Lobster Ravioli
ingredients
- 1 (750-milliliter) bottle dry white wine
- 3 cloves garlic -- crushed and roughly chopped, plus 2 cloves garlic, chopped
- 2 tbsp chopped shallots
- 1 C fat-free half-and-half
- 1 C 1/2 yogurt cheese -- divided, recipe follows
- 1 (8-ounce) lobster tail
- 1/2 lemon
- 2 tbsp pine nuts -- toasted
- 2 tbsp chopped fresh basil -- plus additional minced fresh basil for garnish
- 1 egg -- beaten
- 24 (4-inch square) wonton wrappers
- 1/4 C finely grated Parmesan -- for garnish
directions
Pour bottle of wine into a non-reactive saucepan. Add the 3 cloves crushed and chopped garlic and the shallots and bring to a boil. Reduce heat to a simmer and cook until liquid is reduced to 1 cup. Strain through a fine strainer into another non-reactive saucepan. Add the half-and-half and simmer until thick; do not let boil. Whisk in 1 cup of the yogurt cheese to thicken. Simmer until just heated through and then remove from heat and keep warm. Preheat the broiler.
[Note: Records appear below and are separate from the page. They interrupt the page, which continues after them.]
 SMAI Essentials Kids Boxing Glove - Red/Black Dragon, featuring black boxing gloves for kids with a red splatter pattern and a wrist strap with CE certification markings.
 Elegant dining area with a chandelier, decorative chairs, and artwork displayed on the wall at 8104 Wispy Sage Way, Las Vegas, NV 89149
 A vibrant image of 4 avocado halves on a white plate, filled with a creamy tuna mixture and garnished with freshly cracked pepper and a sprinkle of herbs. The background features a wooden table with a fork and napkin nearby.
Split the lobster tail lengthwise and then sprinkle with lemon juice. Place under the broiler and cook until done, about 5 minutes. Let cool. Remove from shell then slice into 1/4-inch circles. Set aside.
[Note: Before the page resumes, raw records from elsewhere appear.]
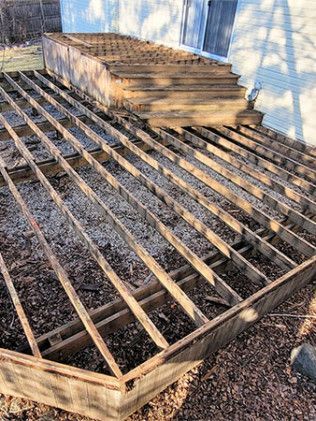 A wooden Pergola is being built in front of a house in Lindenhurst, IL.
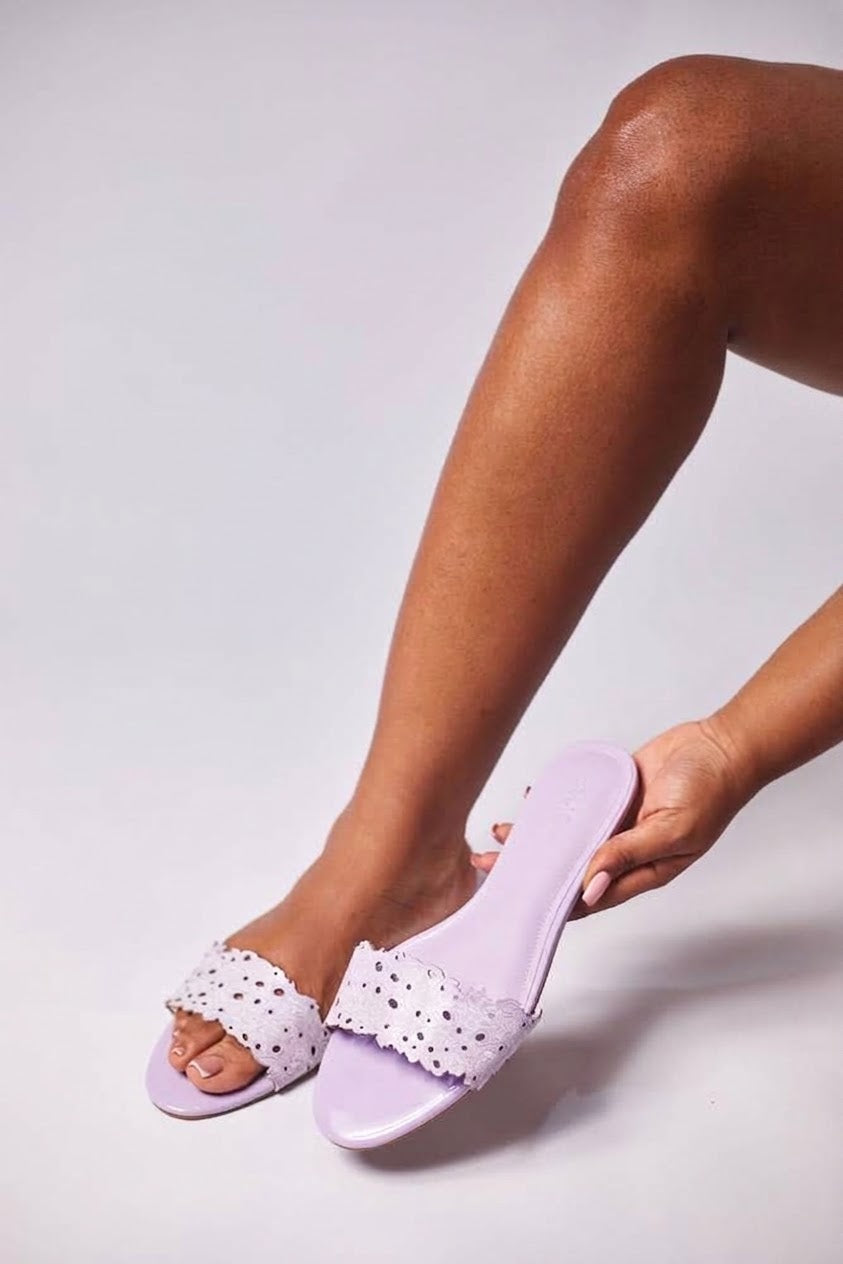 A person wearing lavender slide sandals with white lace-up straps and small black polka dots, with one hand adjusting the sandal on their foot against a light gray studio background.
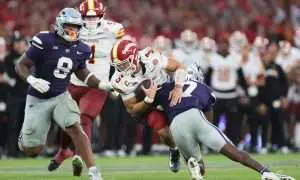 Aug 23, 2025; Dublin, IRELAND; Iowa State quarterback Rocco Becht is tackled by VJ Payne of Kansas State during the Aer Lingus Classic between Iowa State and Kansas State at Aviva Stadium. Mandatory Credit: Laszlo Geczo/INPHO via Imagn Images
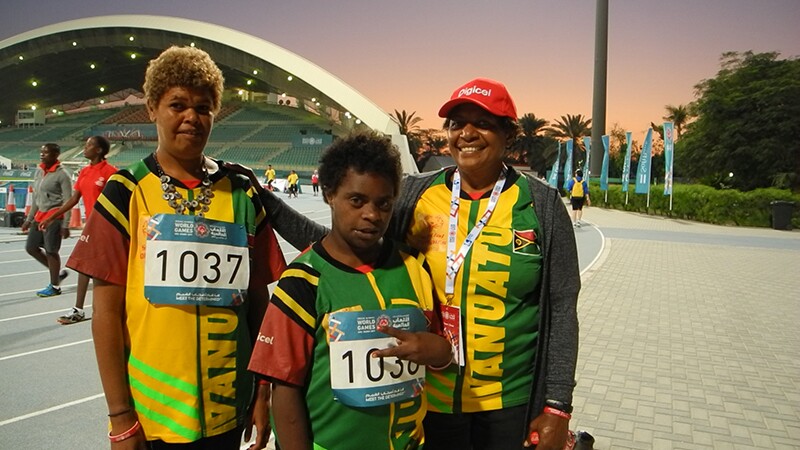 Two athletes and a coach stand in front of the stadium in Abu Dhabi. 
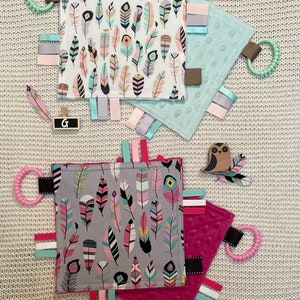 May include: Three baby tag blankets with feather patterns in pink, teal, and gray. Each blanket has a textured surface, colorful ribbons, and a teething ring. Decorative wooden feather and owl accents are also present.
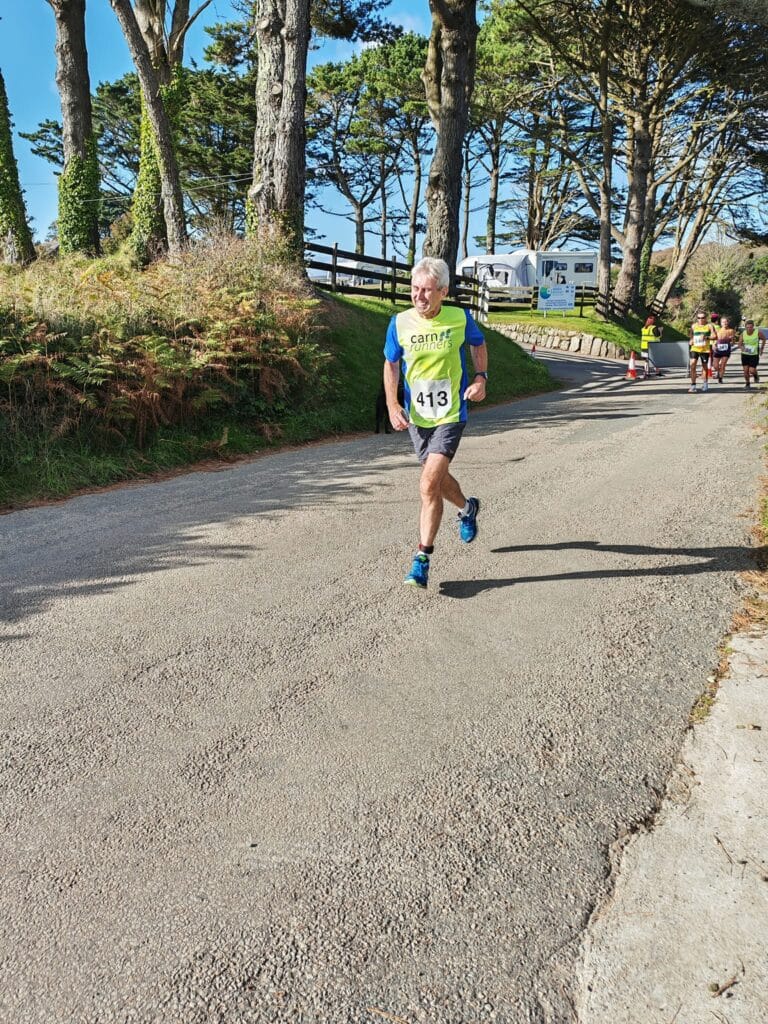 Carn Runners team at the Marazion 10K with Cornish coastline in the background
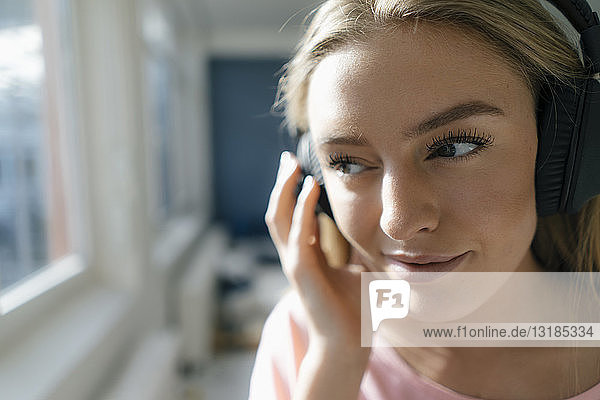 Lächelnde junge Frau  die zu Hause Musik hört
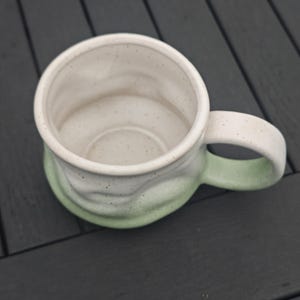 Op de afbeelding: Een handgemaakte keramische mok met een witte binnenkant en een gradi&euml;nt buitenkant die overgaat van wit naar zachtgroen. De mok heeft een afgeronde handgreep en een gespikkelde textuur, perfect voor koffie of thee.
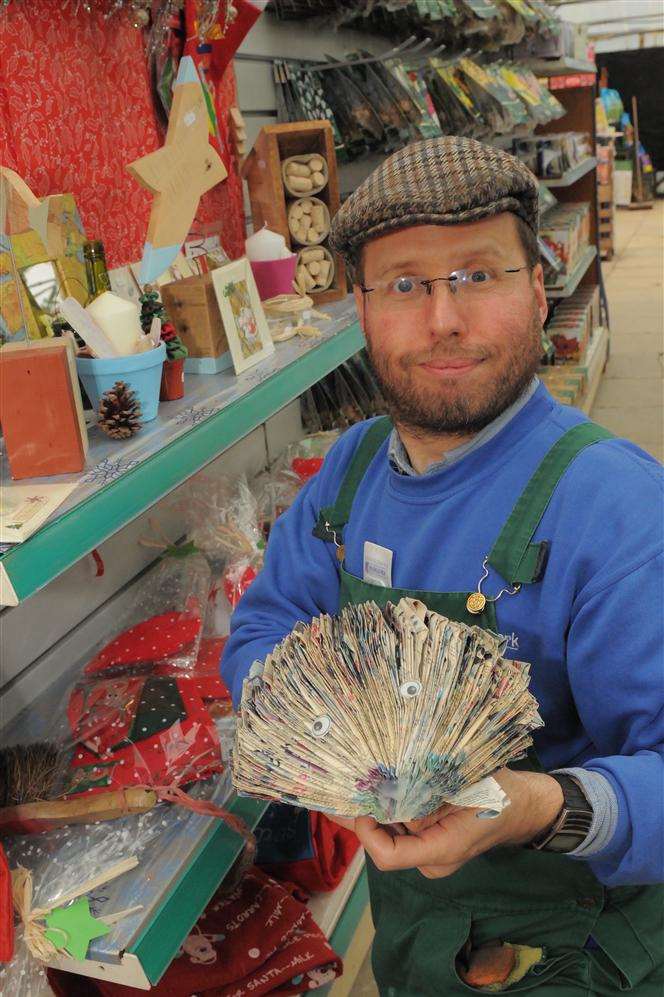 Simon Thomas, 41, with a paper hedgehog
In a food processor, combine pine nuts, the remaining 2 cloves garlic, and basil in a food processor and blend until smooth. Fold the pesto into the remaining 1/2 cup yogurt cheese. Arrange 4 wonton wrappers on a sheet tray. Place 1 circle of lobster on each wonton and then top with a teaspoon of the pesto filling, leaving a 1/4-inch border all the way around. Brush the wonton wrapper with the beaten egg. Top with another wonton and press firmly with a fork all the way around edges. Cover ravioli with a damp cloth and repeat until you have made 12 ravioli.